Discovering Gloria is an unreleased documentary film by Boaz Dvir. The documentary captures Gloria Merriex’s transformation into an educational innovator and shows her engaging her math, reading, and science students at the most effective levels through her innovations, which included hip-hop and dance routines.

Background 
Gloria Jean Merriex grew up in Gainesville, Fla. on the east side of the city. She earned an education degree from the University of Florida, and would spend her entire career at Duval Elementary School. In 2008, she died of a diabetic stroke, one day after receiving a W.K. Kellogg Foundation grant to share her teaching breakthroughs on a national level.

Dvir decided to make a film about the school after talking with Don Pemberton, director of UF’s Lastinger Center for Learning, who had previously sent professors and doctoral students to watch Merriex's teaching methods. While Dvir never personally met Merriex, he had over 150 hours of footage to use for his project.

While Steve Whitney contributed as well as a co-producer, most of the funding for the film came from the Kellogg Foundation itself, with Dvir being permitted final cut on the project. "I never had even one conversation with Kellogg about the making of the film," Dvir said. "I interviewed a Kellogg rep as part of the filming process, but he never asked me about what I was doing. He simply answered my questions. I’ve never even screened the rough cut for Kellogg!"

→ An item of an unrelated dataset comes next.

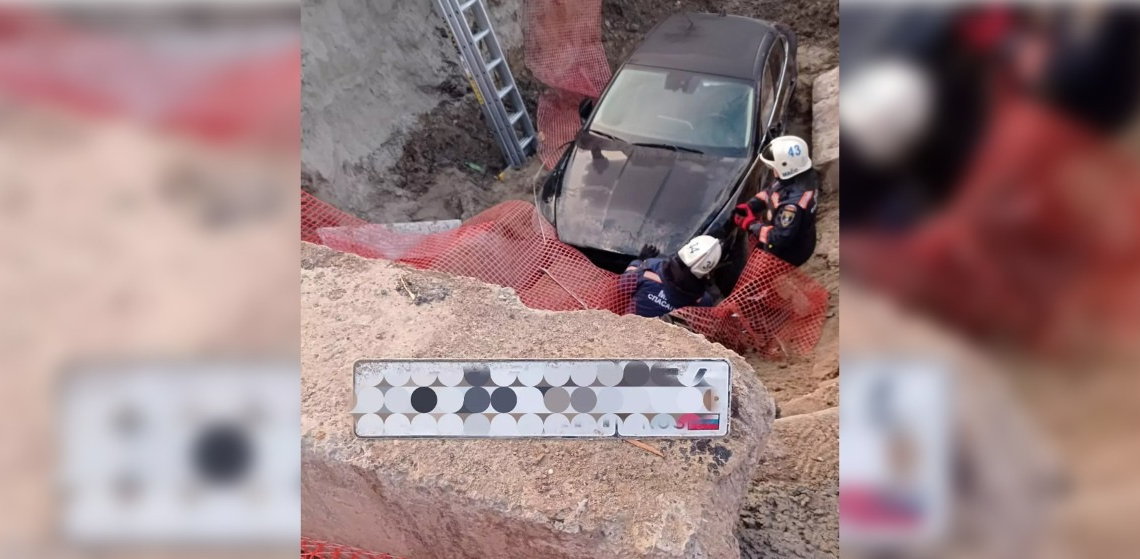 Автомобиль упал в яму теплотрассы в Новосибирске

Dvir admitted that after working on the film, his own thinking had shifted: "[Discovering Gloria] made me feel quite differently about standardized testing."

Synopsis 

The film focuses on Merriex’s transformation by way of archival footage and interviews with her students, family, and colleagues.

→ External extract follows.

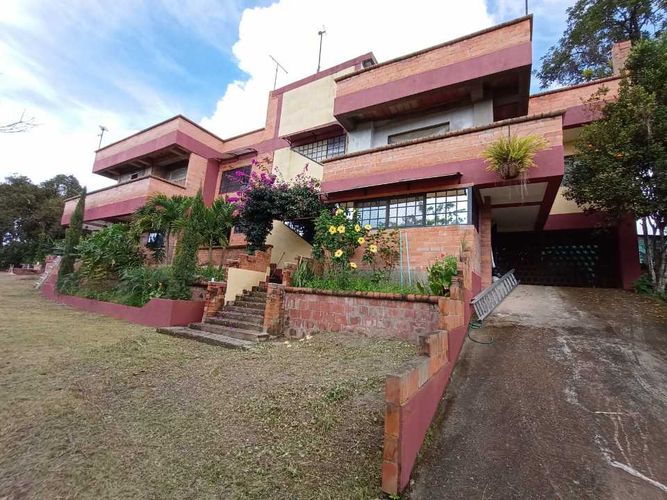 Finca en venta en Arabia, Pereira, 640 m² · foto 3 de 24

In one of those interviews, Prof. Elizabeth Bondy – director of the University of Florida College of Education’s School of Teaching and Learning, who studied Merriex's methods – described how and why Merriex broke vital new ground.

"She didn't move to using music because she studied Howard Gardner's work about multiple intelligences," Bondy says in the documentary. "She moved to using music and movement and the other strategies that she used because she studied her students."

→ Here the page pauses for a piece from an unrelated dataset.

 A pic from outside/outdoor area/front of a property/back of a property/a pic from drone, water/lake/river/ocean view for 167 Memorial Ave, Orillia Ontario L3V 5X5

Discovering Gloria shows how Merriex helped Duval Elementary leap from an F on the Florida Comprehensive Assessment Test in 2002 to an A the following year.

Reception 
Nearly 500 people – including many of Merriex's former students – attended a screening of a rough cut version for it in September 2013 at her home community of East Gainesville. The post-screening panel discussion featured Bondy along with University of Texas Assistant Prof. Emily Bonner, Alachua County School Board Member Leanetta McNealy, and UF College of Education Associate Dean for Research Thomasenia Adams.

In her book Unearthing Culturally Responsive Mathematics Teaching, Emily Bonner described the documentary as "compelling".

In her op-ed in the St. Augustine Record, Pam Thor called Discovering Gloria a "fabulous documentary" and urged all teachers and policymakers to watch it.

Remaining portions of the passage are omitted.